Johannesburg - The rand posted its biggest gain in a month, paring a fourth consecutive weekly decline, as investors bet the currency’s drop to a four-year low was overdone and as the euro rose to an 11-month high.

The rand strengthened as much as 0.8 percent to R8.9883 a dollar, and was bid at R8.9594 at 5pm in Johannesburg, 9.51c firmer than on Thursday. It weakened 1.4 percent last week. Yields on benchmark 10.5 percent bonds due December 2026 declined 3 basis points to 7.36 percent, after climbing 15 basis points over the four previous sessions.

The rand has slumped almost 6 percent this year, the worst performer of 25 emerging market currencies, as accelerating inflation added to concern about slowing growth amid labour protests and civil unrest.

Technical indicators suggest the decline has gone too far, according to Ion de Vleeschauwer, the chief dealer at Bidvest Bank.

“The rand is a bit oversold,” he said on Friday. It was also benefiting from the euro’s gains against the dollar. “You can expect a bit of a correction.”

The euro gained for a second day, advancing 0.3 percent to e1.3410 against the dollar, the strongest since February 29.
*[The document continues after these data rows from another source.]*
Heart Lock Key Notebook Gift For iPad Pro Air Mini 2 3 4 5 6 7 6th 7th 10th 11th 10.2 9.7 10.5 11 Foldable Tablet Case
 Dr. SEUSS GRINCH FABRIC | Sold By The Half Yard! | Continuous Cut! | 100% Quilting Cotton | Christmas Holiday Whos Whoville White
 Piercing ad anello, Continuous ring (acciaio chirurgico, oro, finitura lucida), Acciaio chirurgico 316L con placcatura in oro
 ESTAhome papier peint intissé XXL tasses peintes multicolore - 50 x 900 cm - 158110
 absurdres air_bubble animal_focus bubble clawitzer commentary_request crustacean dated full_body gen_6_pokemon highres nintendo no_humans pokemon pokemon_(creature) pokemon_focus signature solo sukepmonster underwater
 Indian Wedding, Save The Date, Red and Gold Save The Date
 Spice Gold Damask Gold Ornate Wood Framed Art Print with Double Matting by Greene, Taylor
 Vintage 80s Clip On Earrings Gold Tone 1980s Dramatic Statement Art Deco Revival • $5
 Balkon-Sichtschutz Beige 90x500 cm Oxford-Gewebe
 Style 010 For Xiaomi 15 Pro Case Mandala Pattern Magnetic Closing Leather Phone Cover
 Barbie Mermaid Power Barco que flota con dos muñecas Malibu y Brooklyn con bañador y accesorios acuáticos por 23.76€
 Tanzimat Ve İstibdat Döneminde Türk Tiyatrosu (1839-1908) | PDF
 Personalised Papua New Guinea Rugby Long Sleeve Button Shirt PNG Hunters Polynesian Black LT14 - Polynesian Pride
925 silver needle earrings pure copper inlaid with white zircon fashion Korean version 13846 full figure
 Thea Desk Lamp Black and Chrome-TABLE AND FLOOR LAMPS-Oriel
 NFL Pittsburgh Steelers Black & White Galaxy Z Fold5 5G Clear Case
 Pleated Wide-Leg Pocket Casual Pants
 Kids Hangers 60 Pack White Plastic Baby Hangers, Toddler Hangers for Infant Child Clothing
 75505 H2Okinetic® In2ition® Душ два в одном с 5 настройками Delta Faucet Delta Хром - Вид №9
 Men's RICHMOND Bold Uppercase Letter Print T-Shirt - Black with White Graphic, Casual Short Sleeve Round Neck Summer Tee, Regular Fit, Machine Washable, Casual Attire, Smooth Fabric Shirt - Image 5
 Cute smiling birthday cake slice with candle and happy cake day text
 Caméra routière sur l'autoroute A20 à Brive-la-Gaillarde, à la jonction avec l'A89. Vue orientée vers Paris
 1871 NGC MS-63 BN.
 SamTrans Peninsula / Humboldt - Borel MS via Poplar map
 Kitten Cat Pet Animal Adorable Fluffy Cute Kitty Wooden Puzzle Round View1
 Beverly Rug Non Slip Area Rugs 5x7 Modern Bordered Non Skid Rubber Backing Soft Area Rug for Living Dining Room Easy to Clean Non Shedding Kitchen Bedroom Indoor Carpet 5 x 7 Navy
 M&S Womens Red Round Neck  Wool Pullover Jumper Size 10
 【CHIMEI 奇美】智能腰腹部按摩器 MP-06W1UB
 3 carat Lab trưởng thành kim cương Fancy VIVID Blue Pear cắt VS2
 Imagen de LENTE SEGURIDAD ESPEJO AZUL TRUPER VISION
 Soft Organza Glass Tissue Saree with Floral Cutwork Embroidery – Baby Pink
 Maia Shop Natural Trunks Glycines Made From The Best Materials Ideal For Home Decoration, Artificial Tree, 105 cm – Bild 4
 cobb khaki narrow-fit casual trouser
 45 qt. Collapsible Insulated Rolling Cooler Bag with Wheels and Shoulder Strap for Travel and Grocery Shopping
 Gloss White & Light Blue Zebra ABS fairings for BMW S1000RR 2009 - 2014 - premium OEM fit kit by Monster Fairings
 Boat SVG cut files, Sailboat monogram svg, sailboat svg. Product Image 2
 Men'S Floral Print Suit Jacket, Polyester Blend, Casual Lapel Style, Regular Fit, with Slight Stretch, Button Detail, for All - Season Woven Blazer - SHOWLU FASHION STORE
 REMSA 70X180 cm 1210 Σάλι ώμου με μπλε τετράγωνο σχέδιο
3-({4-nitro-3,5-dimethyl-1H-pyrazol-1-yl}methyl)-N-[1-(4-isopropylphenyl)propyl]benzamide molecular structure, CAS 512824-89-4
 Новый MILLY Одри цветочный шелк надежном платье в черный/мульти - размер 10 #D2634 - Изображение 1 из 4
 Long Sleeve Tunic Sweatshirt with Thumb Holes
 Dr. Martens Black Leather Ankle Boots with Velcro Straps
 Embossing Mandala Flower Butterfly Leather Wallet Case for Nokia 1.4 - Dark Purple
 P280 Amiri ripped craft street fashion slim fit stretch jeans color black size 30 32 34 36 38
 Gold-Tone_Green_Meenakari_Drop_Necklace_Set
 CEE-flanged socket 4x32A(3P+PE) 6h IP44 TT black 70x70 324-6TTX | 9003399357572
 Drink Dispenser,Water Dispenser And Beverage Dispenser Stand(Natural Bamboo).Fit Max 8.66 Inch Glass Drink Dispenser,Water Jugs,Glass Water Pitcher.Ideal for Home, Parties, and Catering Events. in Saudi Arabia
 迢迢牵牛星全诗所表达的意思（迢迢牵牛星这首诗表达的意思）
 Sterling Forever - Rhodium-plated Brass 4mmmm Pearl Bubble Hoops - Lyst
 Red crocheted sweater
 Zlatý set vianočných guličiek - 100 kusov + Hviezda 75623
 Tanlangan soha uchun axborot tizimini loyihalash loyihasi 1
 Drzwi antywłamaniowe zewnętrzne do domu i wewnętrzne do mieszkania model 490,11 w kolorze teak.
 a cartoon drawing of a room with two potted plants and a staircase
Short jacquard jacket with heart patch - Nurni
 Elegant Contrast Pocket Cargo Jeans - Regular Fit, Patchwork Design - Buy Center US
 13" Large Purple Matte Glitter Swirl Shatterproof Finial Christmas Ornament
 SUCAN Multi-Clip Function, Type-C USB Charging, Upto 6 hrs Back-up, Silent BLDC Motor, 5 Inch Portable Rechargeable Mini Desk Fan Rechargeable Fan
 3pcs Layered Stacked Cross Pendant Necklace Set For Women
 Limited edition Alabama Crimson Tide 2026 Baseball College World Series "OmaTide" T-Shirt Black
The rand often moves in tandem with the euro, with a statistical correlation of 0.6 over the past year. A value of 1 would mean they moved in lock step.

The rand’s relative strength index against the dollar was at 25.5 on Thursday, below the 30 level that signals the currency is oversold.

A stochastic oscillator for the rand versus the dollar was also below the 30 threshold that signals the currency may have depreciated too quickly and is poised for a rebound. The measure, which tracks the price of a security relative to its highs and lows during a particular period, has been below 30 since January 15.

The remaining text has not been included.